Alarm Fatigue? Smarter Monitors Needed

Laura A. Stokowski, RN, MS


November 13, 2014

In This Article


Excessive patient monitoring alarms are no longer just one of those unavoidable annoyances of working in the hospital. Alarm fatigue has been recognized as a major patient safety issue, and healthcare facilities have been told to do something about it.[2] But what should they do?

Patient monitors are supposed to represent a technological advance in patient care. They are intended to signal to the caregiver that some aspect of the patient's vital functions requires some attention. False alarms are common, but every once in a while the alarm heralds a life-threatening condition. Efforts to globally reduce the number of daily alarms, such as building in longer alarm delays, can have unintended consequences. A better approach is to evaluate the specific causes of each type of alarm that occurs in the patient population; whether action is needed; and what adjustments, configurations, or algorithms could safely prevent unnecessary alarms. It's a huge undertaking.

These investigators have taken on this challenge for the adult ICU population. "Our study is the largest prospective study to date on the alarm fatigue problem," said Drew. "Our job as clinical scientists is to inform and work with industry to improve these algorithms. Because computer devices have the potential to be more reliable than humans, an opportunity exists to improve these monitor devices to reduce the problem of alarm fatigue. We are also working with monitor manufacturers to share our insights about how monitors could be more interactive to help nurses tailor the alarms better for individual patients so the one-size-fits-all approach that results in too many alarms is avoided."

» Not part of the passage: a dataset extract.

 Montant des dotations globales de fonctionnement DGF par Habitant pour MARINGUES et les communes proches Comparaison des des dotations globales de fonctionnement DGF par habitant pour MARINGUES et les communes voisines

The solutions suggested by these data include some that can be applied by nurses and other clinical staff, and others that should be attended to by monitor and software engineers. "Smart" physiologic monitoring devices can, and must, do much more to improve workflow for nurses and make care safer for patients.

Clinical decision support is woefully underused in this arena. Patients are sicker and more complex than ever before, and they require individualized approaches to everything, including alarm management. We traditionally try to standardize as much as possible to avoid errors, but as these data show, one consequence of standardization is a whopping 2.5 million alarms in a single month! Even 187 audible alarms per patient per day is way too many to expect nurses to respond, assess, and take corrective action on every single alarm. As Drew explained, "We analyzed nearly 13,000 arrhythmia alarms and found that 88% of them were false alarms. This is like hearing a car alarm go off incessantly in your neighborhood. How often do you respond to a car alarm by calling the police? Everyone assumes that a real car burglary is not going on but rather, the neighbor has a car alarm that is triggered too easily."

With so many nuisance alarms, patient conditions that do require a response can go undetected. Clinical monitors have to become smarter to improve efficiency as well as safety. For example, monitors should be able to track nuisance alarms on a specific patient and provide prompts to suggest actions for the user to eliminate these unnecessary alarms.

Drew and colleagues provided a list of "device improvements" that could significantly reduce unnecessary alarms in the ICU setting from such conditions as persistent atrial fibrillation, artifact mimicking ventricular arrhythmias, wide QRS or pacemaker spikes triggering ventricular arrhythmia alarms, ST-segment alarms that do not reflect true myocardial ischemia, and flat-line respiratory waveforms causing apnea and respiratory rate alarms. Alarms that are not presently configurable should be made so, and monitor enhancements could eliminate many false alarms altogether.

The findings of this study also support some immediate actions that hospitals can take to alleviate alarm fatigue. Drew suggested that hospitals "review their alarm settings, both the hospital default settings and the settings that nurses at the bedside configure for the individual patient. Our article gives practical advice about how to reduce the excessive number of alarms. For example, we discuss what settings are safe to change from an audible alarm to a text message alarm."

Drew and colleagues also provided direction from nurse researchers for clinical nursing research that is sorely needed in the area of alarm and electrode management. Does changing electrodes at certain frequencies reduce nuisance alarms? Is it possible to measure and display impedance, and could a trend of increasing impedance signal electrode failure? What are the ideal techniques for skin preparation before electrode application to optimize electrode function?

This was a very impressive study. The findings and the practical suggestions offered by these investigators should prove valuable to clinicians working to improve alarm management in the adult ICU.